In fact, Congress has, by statute, provided a mechanism for persons held by the U.S. military, claiming personal injury or injury to property, to seek monetary redress, but only through a discretionary administrative claim process. Congress has not, however, provided a cause of action that would allow persons detained by the U.S. military during an armed conflict to sue military officials for monetary compensation. Indeed, when enacting a cause of action for claims of mistreatment, Congress carefully excluded claims against U.S. officials. In this context, it would be wholly inappropriate for a court, on its own, to recognize a Bivens action.

While the panel majority raises a number of policy arguments in favor of extending a money-damage remedy against military officials, its decision overlooks the Supreme Court’s admonition that “Congress is in a far better position than a court to evaluate the impact of a new species of litigation against those who act on the public’s behalf” and “can tailor any remedy to the problem perceived.” Wilkie v. Robbins, 551U.S. 537, 562 (2007). Here, that weighing and balancing resulted in Congress electing not to provide a court damage action. In this context, it is improper for a court to supplement the scheme created by Congress with a Bivens action.

The panel likewise erred in concluding that Secretary Rumsfeld was not entitled to qualified immunity. Plaintiffs would need to show that the former Secretary was personally responsible for the alleged violations of their rights. See Ashcroft v. Iqbal, 129 S.Ct. 1937, 1949-51 (2009). The complaint here, however, failed to allege a plausible link between the policies allegedly adopted by the former Secretary and the alleged mistreatment of plaintiffs while in military detention in Iraq. The panel majority’s decision is in error, creates a circuit conflict on an important issue of law, and plainly warrants review by the full Court.

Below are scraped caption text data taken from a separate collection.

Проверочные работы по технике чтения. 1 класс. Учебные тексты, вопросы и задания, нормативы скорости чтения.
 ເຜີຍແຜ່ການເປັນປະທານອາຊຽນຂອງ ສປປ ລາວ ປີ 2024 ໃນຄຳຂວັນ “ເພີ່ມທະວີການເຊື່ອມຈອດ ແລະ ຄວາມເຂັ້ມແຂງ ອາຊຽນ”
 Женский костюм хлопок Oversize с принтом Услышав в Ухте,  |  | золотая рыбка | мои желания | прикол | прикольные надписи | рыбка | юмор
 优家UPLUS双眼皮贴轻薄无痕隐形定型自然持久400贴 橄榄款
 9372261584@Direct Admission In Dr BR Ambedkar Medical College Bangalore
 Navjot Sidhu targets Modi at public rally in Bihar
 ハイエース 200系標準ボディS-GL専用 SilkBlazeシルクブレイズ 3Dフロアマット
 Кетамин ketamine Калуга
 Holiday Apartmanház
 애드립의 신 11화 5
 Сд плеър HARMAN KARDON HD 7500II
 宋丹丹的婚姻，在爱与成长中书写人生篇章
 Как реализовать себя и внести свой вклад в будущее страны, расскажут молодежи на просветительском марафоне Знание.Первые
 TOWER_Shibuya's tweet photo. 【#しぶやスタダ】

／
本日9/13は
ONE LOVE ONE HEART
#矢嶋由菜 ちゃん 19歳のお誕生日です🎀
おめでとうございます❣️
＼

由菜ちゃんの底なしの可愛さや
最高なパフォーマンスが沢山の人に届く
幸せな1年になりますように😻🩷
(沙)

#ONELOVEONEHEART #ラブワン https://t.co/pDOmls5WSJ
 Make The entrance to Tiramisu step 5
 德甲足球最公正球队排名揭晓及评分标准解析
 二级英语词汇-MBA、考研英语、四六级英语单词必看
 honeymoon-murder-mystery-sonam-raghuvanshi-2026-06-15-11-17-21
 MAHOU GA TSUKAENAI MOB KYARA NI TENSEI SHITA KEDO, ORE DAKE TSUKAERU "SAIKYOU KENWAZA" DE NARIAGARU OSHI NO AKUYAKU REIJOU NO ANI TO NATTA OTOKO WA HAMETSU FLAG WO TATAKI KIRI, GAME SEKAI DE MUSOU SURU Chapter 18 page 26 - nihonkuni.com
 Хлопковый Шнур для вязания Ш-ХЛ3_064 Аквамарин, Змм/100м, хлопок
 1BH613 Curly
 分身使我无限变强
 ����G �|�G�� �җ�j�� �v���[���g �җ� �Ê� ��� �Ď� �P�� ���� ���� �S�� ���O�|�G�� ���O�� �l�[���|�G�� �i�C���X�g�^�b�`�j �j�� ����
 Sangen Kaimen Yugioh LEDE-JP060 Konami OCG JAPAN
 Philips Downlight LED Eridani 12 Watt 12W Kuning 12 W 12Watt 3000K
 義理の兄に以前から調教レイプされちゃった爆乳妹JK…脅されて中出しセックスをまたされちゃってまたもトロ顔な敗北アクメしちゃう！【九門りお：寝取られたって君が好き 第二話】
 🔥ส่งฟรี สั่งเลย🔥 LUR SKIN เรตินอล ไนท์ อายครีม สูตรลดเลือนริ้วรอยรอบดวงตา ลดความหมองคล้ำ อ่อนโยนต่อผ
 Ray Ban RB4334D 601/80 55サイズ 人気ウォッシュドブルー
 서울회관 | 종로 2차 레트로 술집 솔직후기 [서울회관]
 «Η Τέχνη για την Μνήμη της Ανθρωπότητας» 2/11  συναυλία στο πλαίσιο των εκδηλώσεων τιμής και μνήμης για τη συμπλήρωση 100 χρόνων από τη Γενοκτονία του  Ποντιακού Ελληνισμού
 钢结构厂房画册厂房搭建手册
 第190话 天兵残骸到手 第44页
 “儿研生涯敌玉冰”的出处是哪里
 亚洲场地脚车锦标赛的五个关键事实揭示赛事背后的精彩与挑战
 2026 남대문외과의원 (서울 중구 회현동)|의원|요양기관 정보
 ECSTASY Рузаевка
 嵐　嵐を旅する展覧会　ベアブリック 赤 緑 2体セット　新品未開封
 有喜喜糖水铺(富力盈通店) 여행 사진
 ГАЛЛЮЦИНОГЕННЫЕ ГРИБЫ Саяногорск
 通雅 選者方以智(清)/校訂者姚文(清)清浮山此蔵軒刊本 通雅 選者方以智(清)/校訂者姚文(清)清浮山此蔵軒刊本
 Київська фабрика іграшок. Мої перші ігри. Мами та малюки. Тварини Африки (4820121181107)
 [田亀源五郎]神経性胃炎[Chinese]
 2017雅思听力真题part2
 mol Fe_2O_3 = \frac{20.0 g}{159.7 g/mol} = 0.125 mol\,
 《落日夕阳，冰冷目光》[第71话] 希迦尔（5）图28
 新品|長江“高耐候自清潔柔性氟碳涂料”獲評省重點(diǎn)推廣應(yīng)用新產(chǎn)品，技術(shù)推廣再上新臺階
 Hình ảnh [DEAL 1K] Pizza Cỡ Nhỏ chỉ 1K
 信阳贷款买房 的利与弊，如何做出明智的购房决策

In support of the government's rehearing petition, David Rivkin and Lee Casey have filed an amicus brief on behalf of "all living former U.S. Secretaries of Defense, except Secretary Rumsfeld, and several former Members of the Joint Chiefs of Staff." The former Pentagon officials, who also appeared as amici at the panel stage and received oral argument time, urge that "the courts may not now conjure up a money damage remedy against servicemembers and government officials and second-guess the decisions made during wartime by the civilian and military officials charged with the Nation’s defense. Congress’s creation of an effective framework for enforcing and vindicating the interests that Plaintiffs allege were violated reflects its judgment that U.S. military personnel and officials not be subject to civil litigation and personal liability for claims like Plaintiffs’."